* **What you have to do**:
Reproduce exactly the lines from the one containing "Numbers - Preview" through the last line of the data, both ends included.
= = = =
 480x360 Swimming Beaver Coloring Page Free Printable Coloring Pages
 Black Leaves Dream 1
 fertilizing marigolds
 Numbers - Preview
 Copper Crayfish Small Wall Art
= = = =
* **Solution to the exercise**:
 Numbers - Preview
 Copper Crayfish Small Wall Art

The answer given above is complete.